Results for: Human Rights and Humanitarianism in the Modern World

KNOW 40207: Human Rights and Humanitarianism in the Modern World

  • Course Level: Graduate
  • Department: Committee on Conceptual and Historical Studies of Science
  • Year: 2019-20
  • Term: Winter
  • Thursday 2pm-4:50pm
  • CHSS 40207
  • Yan Slobodkin

The related concepts of human rights and humanitarianism form the basis of contemporary ethical and political thought. Acting in the name of “humanity” is seen as unequivocally noble, and very few of us would ever claim to be anti-humanitarian or anti-human rights. Yet the moral consensus surrounding these terms obscures a contested and often disturbing history.

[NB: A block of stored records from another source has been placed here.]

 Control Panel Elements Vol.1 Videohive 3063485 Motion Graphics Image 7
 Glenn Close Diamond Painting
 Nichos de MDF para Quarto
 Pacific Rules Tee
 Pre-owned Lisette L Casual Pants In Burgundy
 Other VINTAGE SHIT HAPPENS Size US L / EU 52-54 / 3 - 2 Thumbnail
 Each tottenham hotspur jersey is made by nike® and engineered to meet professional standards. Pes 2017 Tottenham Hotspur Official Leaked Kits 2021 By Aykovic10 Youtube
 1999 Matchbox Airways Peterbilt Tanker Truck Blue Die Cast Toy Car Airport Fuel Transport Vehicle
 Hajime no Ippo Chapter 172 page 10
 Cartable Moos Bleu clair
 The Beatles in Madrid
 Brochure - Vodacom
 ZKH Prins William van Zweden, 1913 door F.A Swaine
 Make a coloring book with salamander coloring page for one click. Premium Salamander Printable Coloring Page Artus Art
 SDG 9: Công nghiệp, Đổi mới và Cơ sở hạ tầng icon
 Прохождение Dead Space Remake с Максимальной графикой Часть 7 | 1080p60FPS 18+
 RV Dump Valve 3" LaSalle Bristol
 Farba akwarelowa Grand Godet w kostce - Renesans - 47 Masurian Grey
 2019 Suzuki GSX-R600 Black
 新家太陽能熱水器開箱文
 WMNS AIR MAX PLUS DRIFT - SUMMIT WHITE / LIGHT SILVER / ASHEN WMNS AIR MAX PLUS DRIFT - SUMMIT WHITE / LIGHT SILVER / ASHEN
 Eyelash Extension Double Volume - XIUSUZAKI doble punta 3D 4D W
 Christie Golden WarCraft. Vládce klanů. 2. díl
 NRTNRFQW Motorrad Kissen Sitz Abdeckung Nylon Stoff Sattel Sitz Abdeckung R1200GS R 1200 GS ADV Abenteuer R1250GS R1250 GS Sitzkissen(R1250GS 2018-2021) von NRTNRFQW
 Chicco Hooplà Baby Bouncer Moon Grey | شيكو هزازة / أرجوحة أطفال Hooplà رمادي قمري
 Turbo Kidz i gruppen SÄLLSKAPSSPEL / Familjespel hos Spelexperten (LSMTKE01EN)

Rather than uncritically accepting a triumphalist story of the progressive victory of human rights and humanitarianism, this course will explore how these concepts were constructed over time, paying special attention to how they were used in practice, what kind of rhetorical work they accomplished, and whose interests they served. 
The course will consider the origins of modern concepts of humanity, rights, citizenship, and social responsibility during the enlightenment and trace how they developed over the course of the 19th and 20th centuries. We will study the role of human rights and humanitarianism in the transformative events and processes of modern history, including the rise of nation-states, the trans-Atlantic slave trade and its abolition, imperial expansion and decolonization, the world wars, and twentieth-century genocides. Students will leave the course with an understanding of how human rights and humanitarianism can be applied to their own research interests.